A World of Talent
With an international roster featuring 13 from the U.K., Tigers excel on the water
At age 13, David Bewicke-Copley ’20 would jump into an old single shell and paddle up the Thames River at a leisurely pace to fulfill a mandatory sport requirement at school. Tim Livingstone ’18 dabbled in rowing for a few months at age 14 before picking it up seriously a few years later when he discovered he had a knack for the indoor rowing machine. Chris Lawrie ’20 began rowing after suffering a knee injury while playing cricket at age 12. And Tom George ’18 first rowed at 15, when he was looking for an activity to keep him fit for rugby.
All four have contributed to the men’s heavyweight varsity eight this year as part of an exceptional talent pipeline from the United Kingdom.
“There’s a lot of interest in coming to the United States because they’re excited to row at a very high level in college, and it is also tied very close to a great academic experience,” said head coach Greg Hughes ’96.
On a men’s heavyweight roster with more than 50 athletes, international students have a notable presence: England leads the way with 13 rowers, and others on the team have come from Germany, Canada, Puerto Rico, Brazil, Australia, India, New Zealand, and South Africa.
At the Eastern Sprints May 13, Princeton won four medals, including gold in the second-varsity eight, and placed second in overall team points behind Yale. The Tigers were slated to finish their season June 1–3 at the IRA Regatta on Mercer Lake in West Windsor.
Princeton is finding the “full package” when looking at international recruits, Hughes said. “They’re not just talented rowers; they’re also great students. Both those things have been developed, and that’s the attraction.”
Livingstone had already applied to read philosophy at several U.K. universities when he met with U.S. coaches at the end of his junior year in high school. “The opportunity to literally and literarily broaden my horizons was too large to pass up,” he said.
While on his official recruiting visit, Bewicke-Copley was struck by how engaged Princeton athletes were in every aspect of their collegiate careers. “The guys were performing at the highest standard on the water, but then also performing to an equivalent standard in the classroom and holding each other to that standard,” he said.

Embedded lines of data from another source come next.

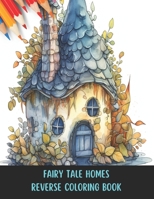 Fairy Tale Homes Reverse Coloring Book: Imaginative Fun for Kids, 50 Pages, 8.5 x 11 inches B0CHGD7JTZ Book Cover
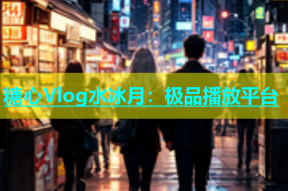 糖心Vlog水冰月：极品播放平台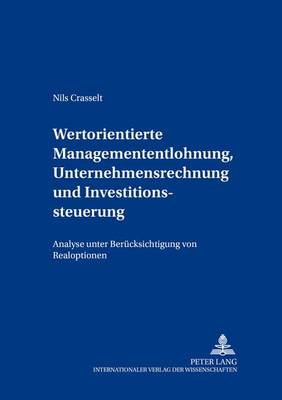 Wertorientierte Managemententlohnung, Unternehmensrechnung Und Investitionssteuerung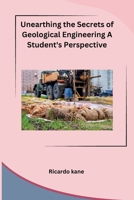 Unearthing the Secrets of Geological Engineering A Student's Perspective B0CPMBLY9S Book Cover
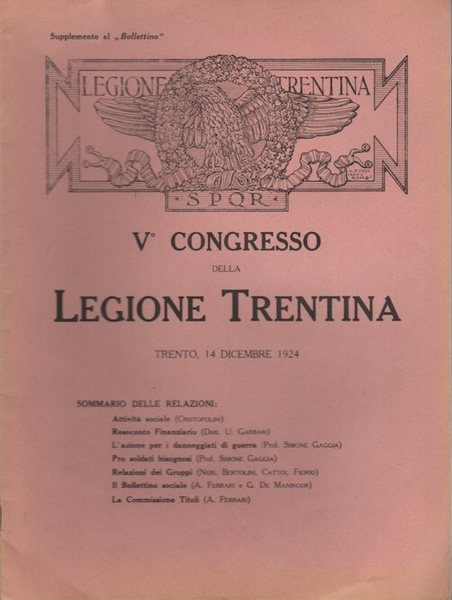 VÂ° Congresso della legione trentina: Trento, 14 dicembre 1924.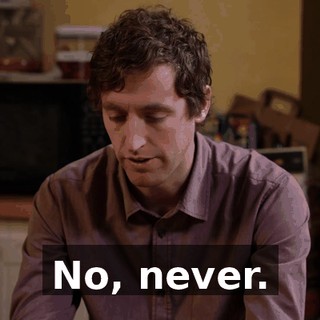 No, never.
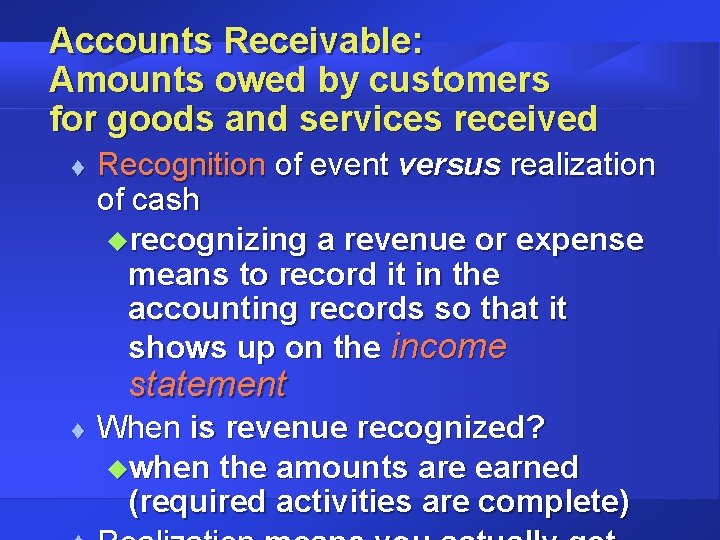 Accounts Receivable: Amounts owed by customers for goods and services received t Recognition of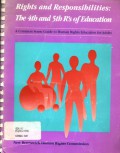 Rights and Responsibilities: The 4th and 5th R's of Education : A Common Sense Guide to Human Rights Education for Adults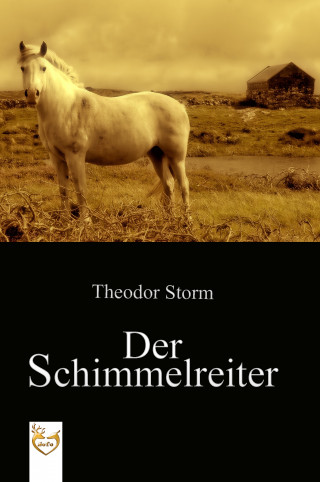 Theodor Storm: Der Schimmelreiter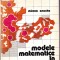 MODELE MATEMATICE IN SISTEMATIZARE - MIRCEA ENACHE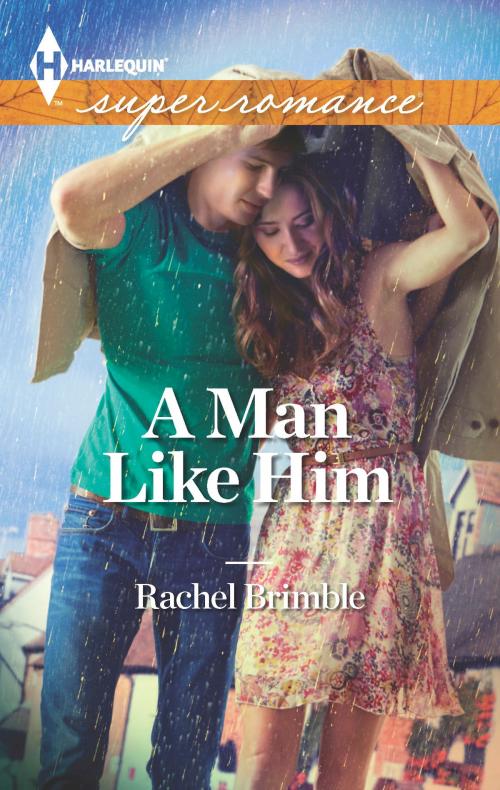 Cover of the book A Man Like Him by Rachel Brimble, Harlequin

Bewicke-Copley and Lawrie said they were attracted to the liberal-arts system at Princeton, which gives students more time to decide on an area of study than in the U.K.
On the water, some things were different as well.
Lawrie pointed out differences in the language used on the water — in the U.S., coxswains say “weigh enough” to direct rowers to stop rowing, whereas British coxswains say “easy there” — as well as in the more professional coach-athlete relationship in the U.S.
Accustomed to lower-intensity sessions back home, Bewicke-Copley was rather shocked at first by the noise and hype that accompanies the “snap-the-oar-in-half ”-type training sessions that make up a larger portion of the training at Princeton.
But regardless of where the athletes come from, Hughes said, “the common goal is to get better, to move forward, and move up in their rowing careers.”
A version of this story appeared online May 11.